## Task directions:
Could you transcribe every record below exactly as written, excluding the pictures?
━━━━━ Records for the exercise
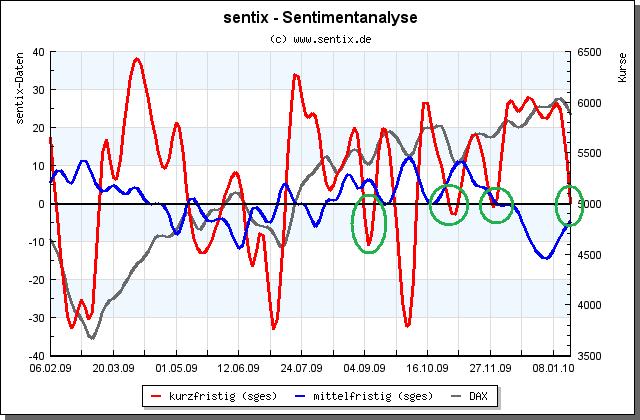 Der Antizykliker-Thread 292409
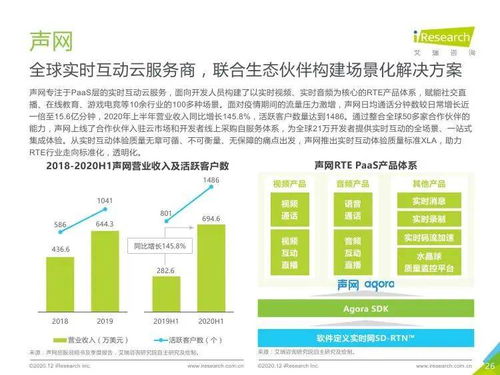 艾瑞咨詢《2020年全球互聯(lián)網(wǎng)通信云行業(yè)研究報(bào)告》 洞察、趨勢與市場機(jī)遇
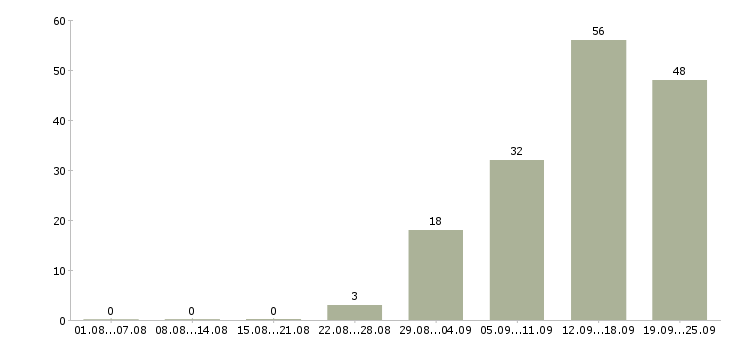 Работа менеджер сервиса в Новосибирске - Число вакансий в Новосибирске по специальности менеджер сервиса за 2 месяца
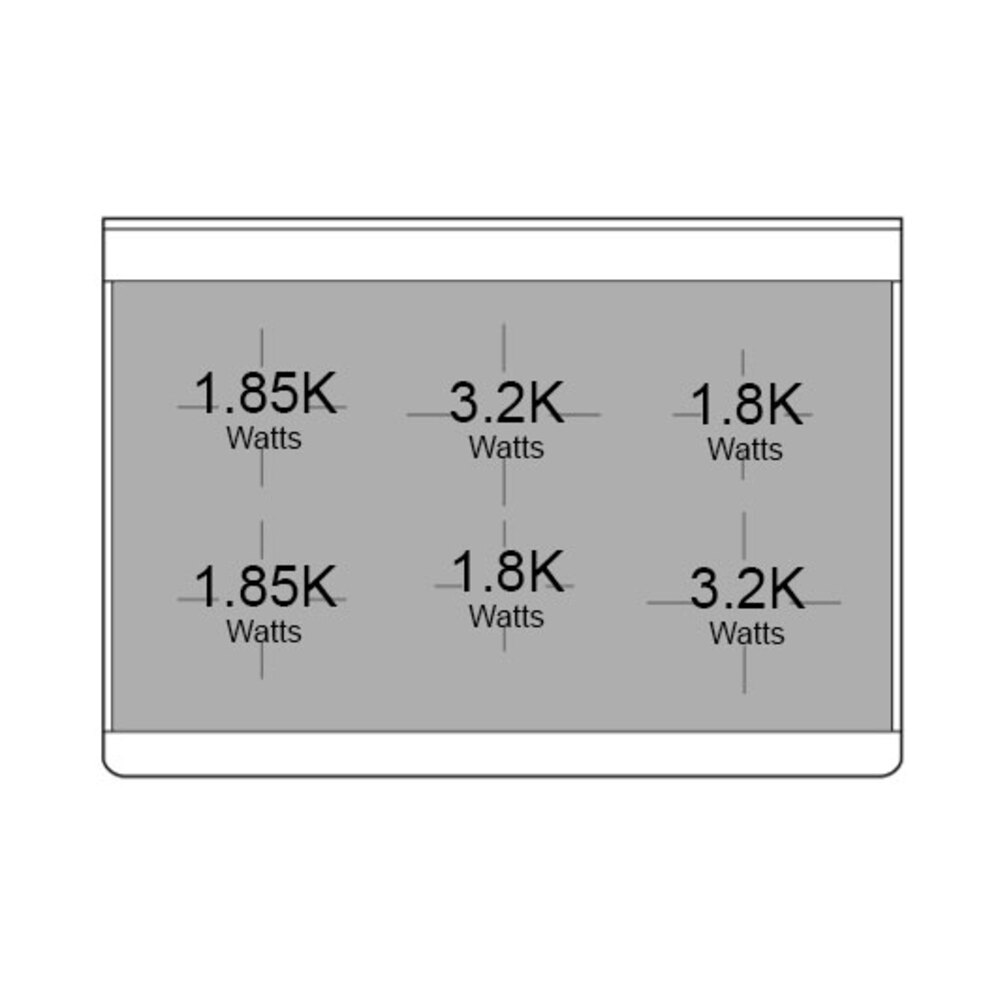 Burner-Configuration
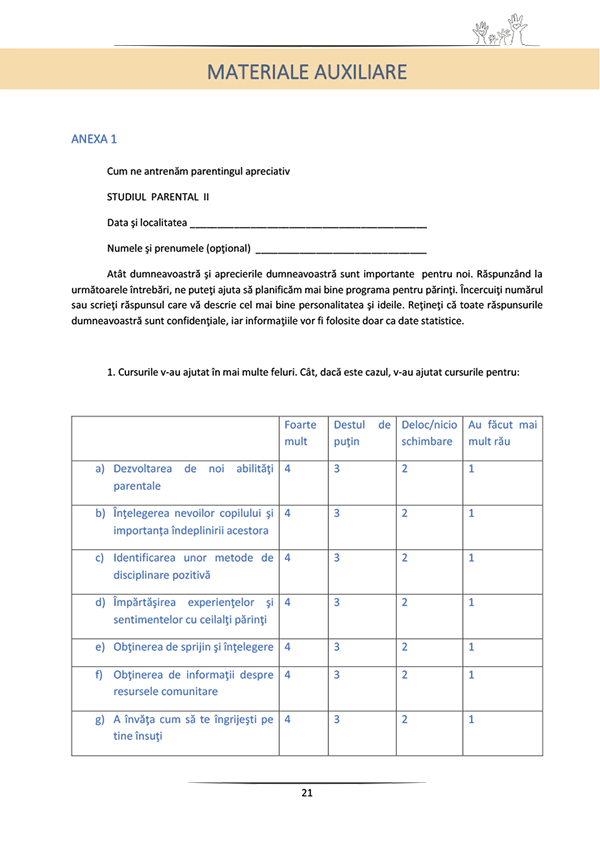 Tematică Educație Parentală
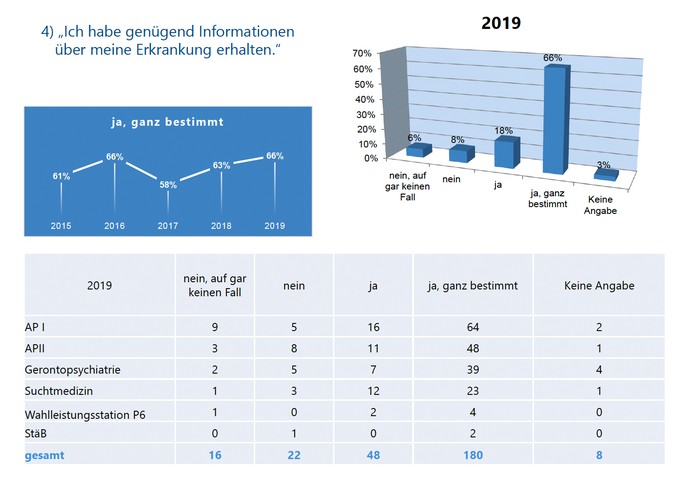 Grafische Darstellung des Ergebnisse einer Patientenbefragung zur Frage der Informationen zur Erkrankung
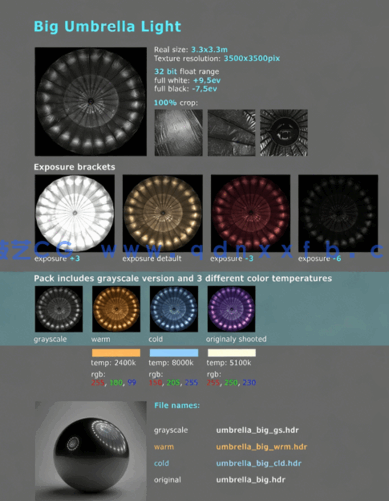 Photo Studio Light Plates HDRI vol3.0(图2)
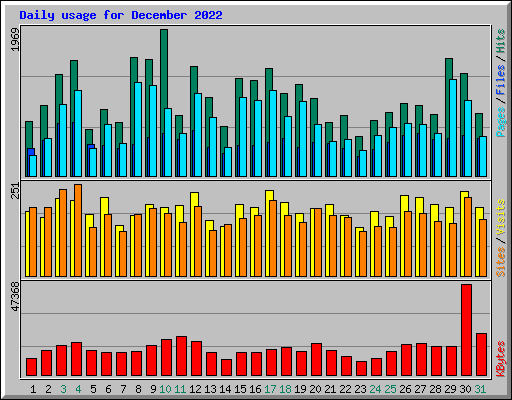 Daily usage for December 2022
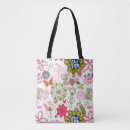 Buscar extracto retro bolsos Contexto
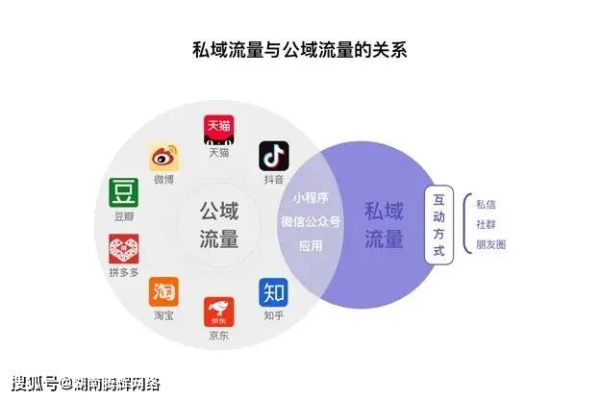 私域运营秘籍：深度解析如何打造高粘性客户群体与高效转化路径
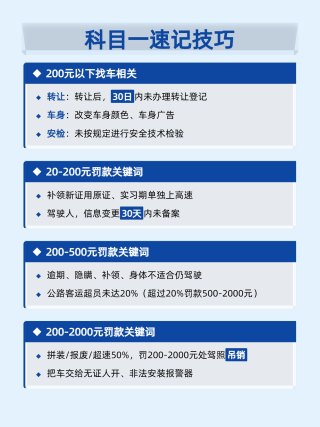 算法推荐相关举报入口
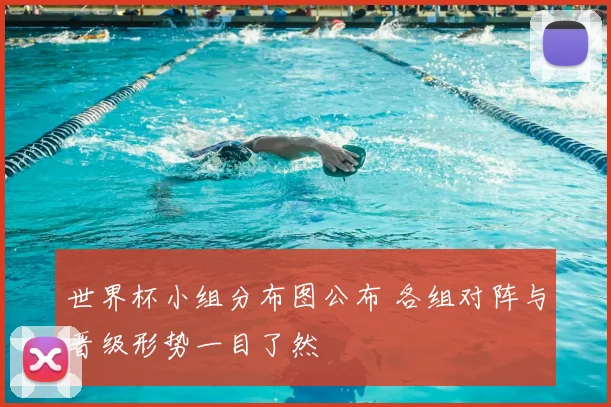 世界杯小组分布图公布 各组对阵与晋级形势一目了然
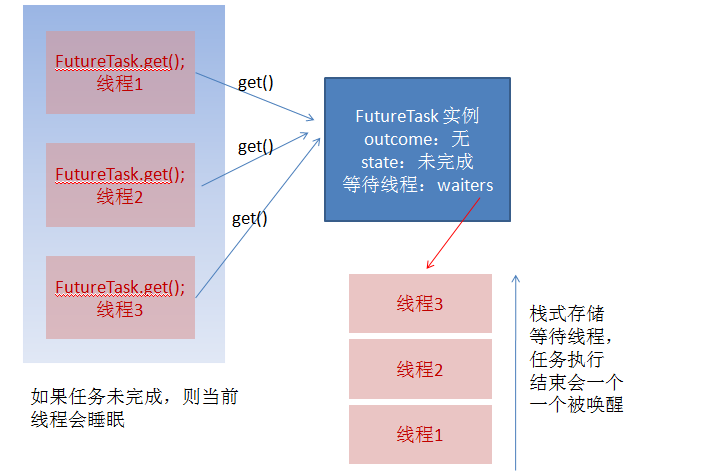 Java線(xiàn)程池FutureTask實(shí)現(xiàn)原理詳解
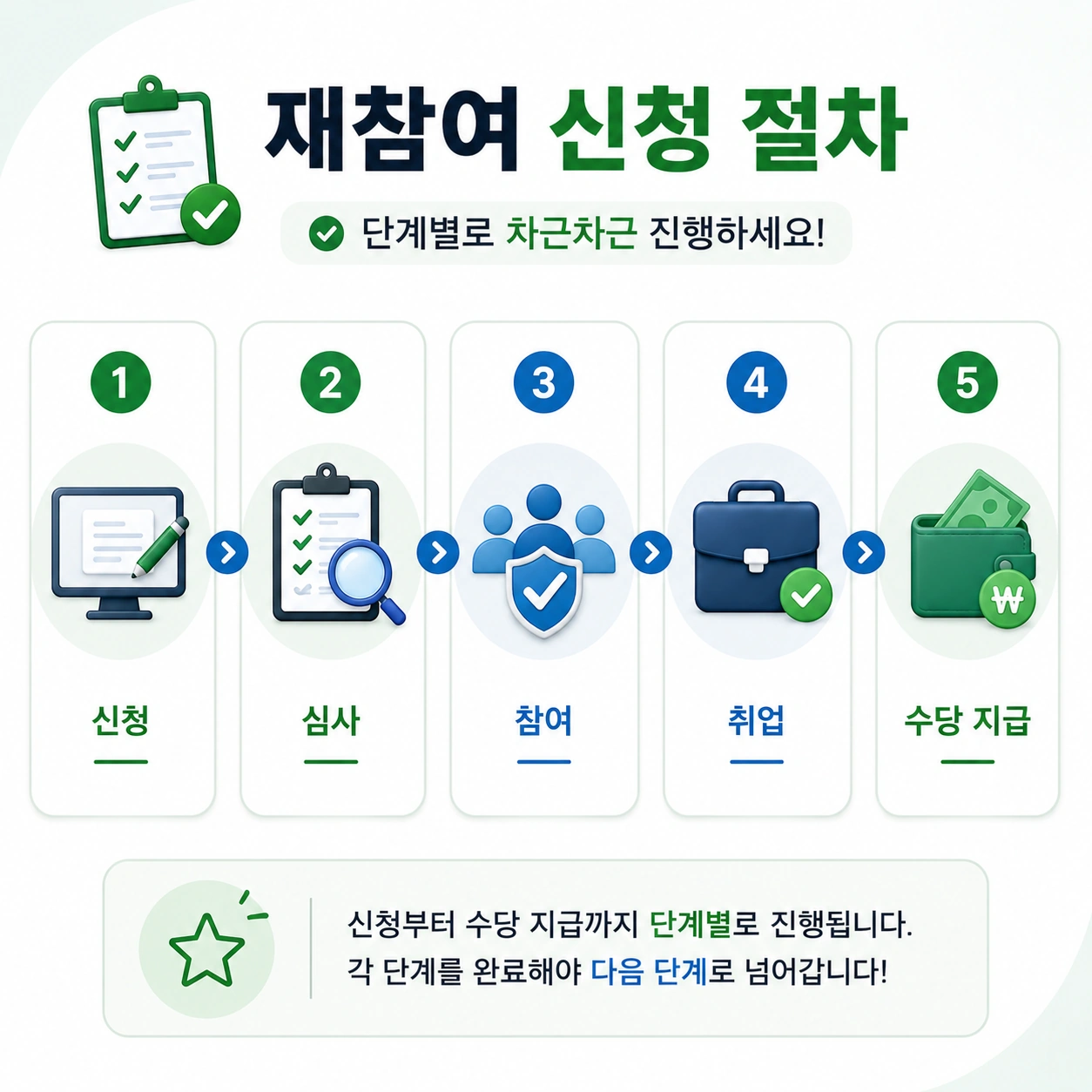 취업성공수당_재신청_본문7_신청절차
━━━━━━━━━━
## Problem solution:
 Der Antizykliker-Thread 292409
 艾瑞咨詢《2020年全球互聯(lián)網(wǎng)通信云行業(yè)研究報(bào)告》 洞察、趨勢與市場機(jī)遇
 Работа менеджер сервиса в Новосибирске - Число вакансий в Новосибирске по специальности менеджер сервиса за 2 месяца
 Burner-Configuration
 Tematică Educație Parentală
 Grafische Darstellung des Ergebnisse einer Patientenbefragung zur Frage der Informationen zur Erkrankung
 Photo Studio Light Plates HDRI vol3.0(图2)
 Daily usage for December 2022
 Buscar extracto retro bolsos Contexto
 私域运营秘籍：深度解析如何打造高粘性客户群体与高效转化路径
 算法推荐相关举报入口
 世界杯小组分布图公布 各组对阵与晋级形势一目了然
 Java線(xiàn)程池FutureTask實(shí)現(xiàn)原理詳解
 취업성공수당_재신청_본문7_신청절차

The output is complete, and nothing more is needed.